Marja-Leena | 06/01/2013 | 8 comments
themes: Canada and BC, Culture


Now you've gone and made me nostalgic for PNW winters. I thought I was over it. I miss holly, camellias, the scent of winter daphne, and the forsythia that blooms in February. So do the snowdrops, crocus and all the varieties of daffodils. We'll never see most of that here and none at all until late march.

Meanwhile in Ireland it's the holiday of Nollaig na mBan - or the Women's Little Christmas. I have a friend who lives in Cork who's carried me along in spirit with her sisters, aunties and girlfriends to the local pub.


It really looks strange, that scene of yours, compared to our *real* winter. It is bumping on -0 C now, and it is starting to cool down: roads are on ice, long holidays and no sanding trucks been around.

I don't have words for all your flowers over there.

We took the little Christmas elf, joulutonttu, of and put her up until next Christmas.

Deep in thoughts, wondering, stopping to write, read a bit, and start again the round. Very good time.

Susan, you know how I love snow for Christmas? We're at opposing desires and nostalgia while living at the opposite ends of Canada.
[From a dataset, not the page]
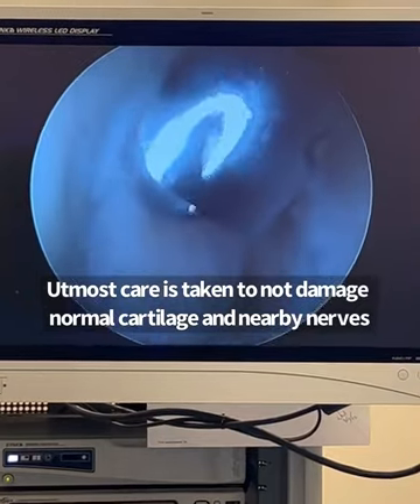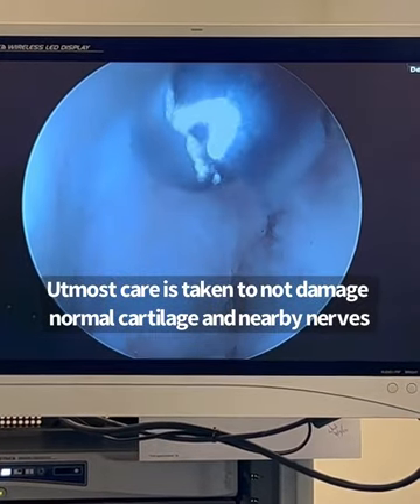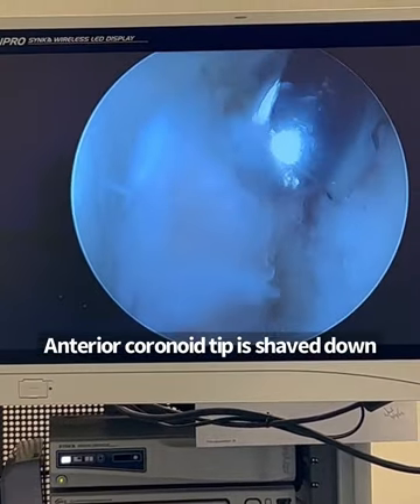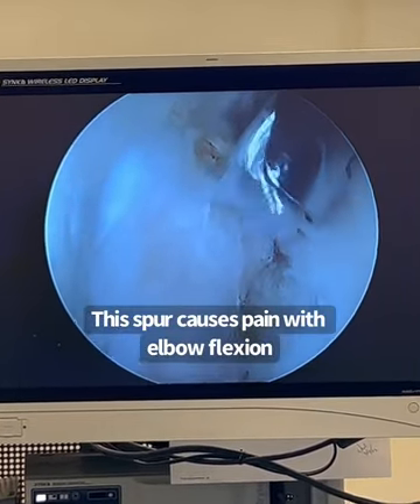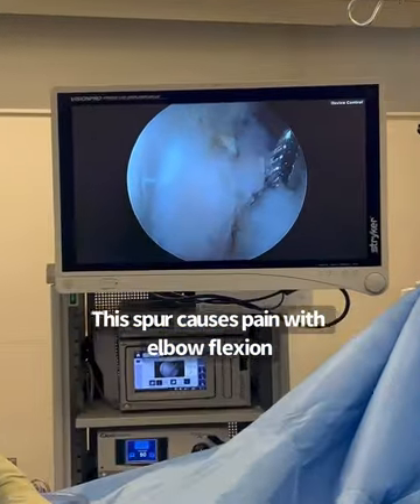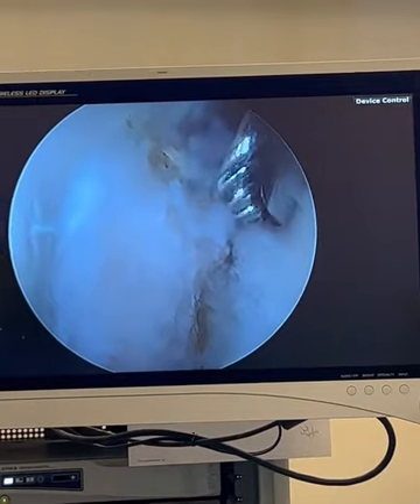I'm removing this little spur of the coronoid over here. I've already removed some loose bodies, and I'm recontouring it. You can see the spur right over here — I'm going to remove that as well.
I didn't know about that Irish holiday - sounds wonderful. Those large families were like those of both my grandmothers but I don't know if they ever got a day off. Pubs were not part of their culture either. Do you have any Irish roots, Susan?

Marjatta, yes, I can imagine it's strange to you, living in northern Finland. We do get frosty nights when it's clear and even colder snowy winters some years like in 2008. Do you remember your winters in Portland? They might have been similar to here though it's not right by the sea like Vancouver is.

I was lazy today, trying not to catch a cold from my husband so have not taken down any decorations yet. Maybe tomorrow. Hyvää Loppiaista!

Susan, how serendipitious - I just came across a story about Nollaig na mBan by an irish-Newfoundler blogger.

Marja-Leena: I saw that blog too. This seems like a great custom. I think I'm going to get my woman friends together for a good roistering session. Why not? Maybe at St. Pats day.
The weather may be odd, but you certainly got some wonderful photos because of it!

Hattie, I think the idea was that the men had to prepare the food for the women. Of course that can happen in a restaurant - go for it!

Thanks, glad you like the photos, I was rather surprised to see some flowers in bloom for it's not that warm.

Lovely rich colors. Here it is the January thaw, the deep snow sinking a little and icicles plunging off the houses.

Marly, green is the most prominent colour here with the evergreen trees and shrubs and the mossy almost neon green lawns. Lots of snow on the mountains provide white, when you can see them. Your description of a thaw takes me back...though it rarely came in January up north or on the prairies. I may complain of the rain but it's what makes this area so beautiful.